Scientists this week have discovered three previously undiscovered species: a new species of reef lobster living off the cost of the Philippines, a new source of gamma-ray radiation associated with star forming regions, and a new class neutron star+supergiant binary found the Milky Way Galaxy. Each of these three discoveries leads it’s respective discoverers to believe there are a myriad of things still waiting to found in the oceans and outer space. In our cyinical era of “been there, done that,” it seems there is nothing new to wow the mind, but these three new critters indicate our planet and our universe still have a few surprises in store for explorers.
Using the INTEGRAL satellite, astronomers discovered 20 new binary systems that consist on neutron stars orbiting supergiant stars. These findings were presented by Dr. Sylvain Chaty (University Paris 7 / Service d’Astrophysique) at the first GLAST Symposium in Palo Alto, California. Using multi-wavelength observations, he and his team identified 20 sources of X-Ray light, and then did followup observations in optical and infrared light using ESO facilities (image above, credit: Paris 7). The IR and optical observations showed that the X-Rays originated from neutron stars passing through clouds of material surrounding super giant stars. The super giant stars 30 times the mass and 20 times the radius of the sun, and are at a stage in their life when they are puffing off roughly one Earth mass of material per year. This material forms a circumstellar cloud around the supergiant that blocks the majority of the giant stars light from reaching us here on Earth. Instead of a giant star, what we see is a cloud of hot dust and gas radiating in the infrared. (all warm things – including human readers of this blog – emit thermal energy in the form of infrared light). When a neutron star enters this gas cloud, its extreme gravity compresses and heats the gas around it until the material emits X-Ray light. In some of the observed systems, the neutron star’s entire orbit keeps it within the gas and dust cloud. In other systems, the neutron star’s orbit is shaped more like the orbit of a comet, and it spends some of its time in the cloud emitting X-Rays, and other time outside of the cloud.

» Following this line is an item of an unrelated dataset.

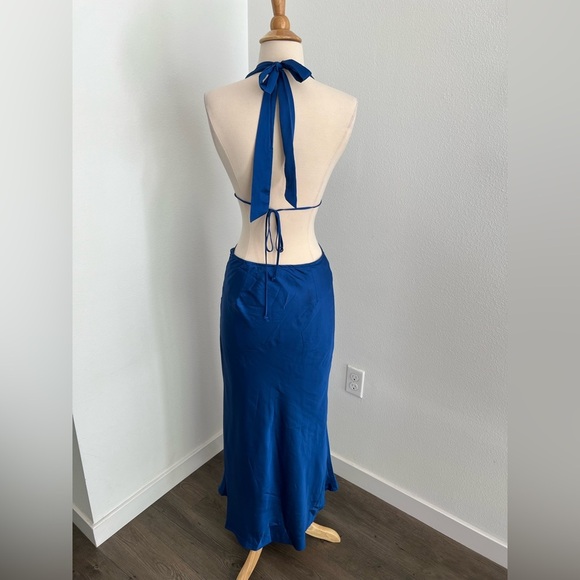 Cotton Candy LA Blue Satin Backless Midi Dress- Small - Picture 4 of 4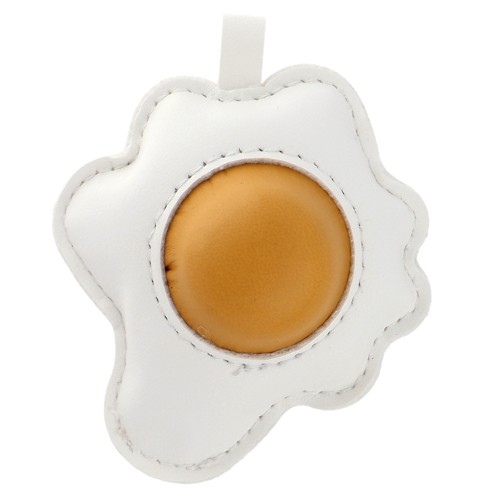 Colgante huevo plano 7x6 cm para bolso bisutería - PU - Blanco - Amarillo x1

There is a really neat movie of this available on Chaty’s website.
In a second announcement at the same GLAST Symposium, a team of astronomers who operate the High Energy Stereoscopic System (HESS) in Namibia described how gamma-ray light can now be convincingly associated with star forming regions that contain massive young stars. These stars, Wolf-Rayet stars, are some of the highest mass stars known, and they live very short lives that are punctuated with a supernova burst and the formation of a black hole or neutron star. The HESS team found diffuse X-Ray emission surrounding a binary system of two Wolf-Rayet Stars. This system is the highest mass binary system known. The diffuse gamma rays come from an area roughly 28 pc in diameter – these is several 1000 times greater than the separation between the two stars! They suggest that the gamma-ray emission may be created by when accelerated particles from the high-energy region around the binary interacting with slower moving materials from the star forming region surrounding the binary. In this scenario, the binary Wolf-Rayet stars blow open a blister in the star forming region in which they reside. Particles within these region are shocked and accelerated. At the skin of the blister, surrounding material is able to leak in, and when it collides with the higher energy particles it is shocked into emitting gamma rays. This scenario has theorized for for a long time and was detailed in 1997 by Whiteoak and Uchida, but this is the first time all the pieces – gamma rays, Wolf-Rayet stars, and a star forming region – have all been found together.
So, what about the lobster? Currently we live during a period biologists refer to as the Holocene extinction. This is an extinction event that is largely driven by man. As we eat things, build things, and chemically treat thing we are killing off vast numbers of animals. It (may have) started with the wooly mammoth, a favorite cuisine of early man, and it continues today with sharks, sword fish, and modern elephants. I could continue my “We’re killing our planet” tirade, but others do it more effectively (see here, here, and here). So, back to the lobster. In a world where so many species are dieing off, it is really cool to find a new type of lobster, and indications that in the Philippines there may be 1000s of new critters just waiting to be classified. And, on a morbid note, each critter we find is one more critter whose genetic structure we can collect and save. Several groups have suggested DNA should be collected from as many life-forms on earth as possible so our planet can someday be re-populated with lost species. Admittedly, this would require cloning, and science still doesn’t know how to clone things consistently, but . . . You can’t clone species you don’t have dna for, so, I’m all for freezing genetic samples.
So, another day, another addition of species not covered in a text book that increase the diversity of our universe. Go science, go.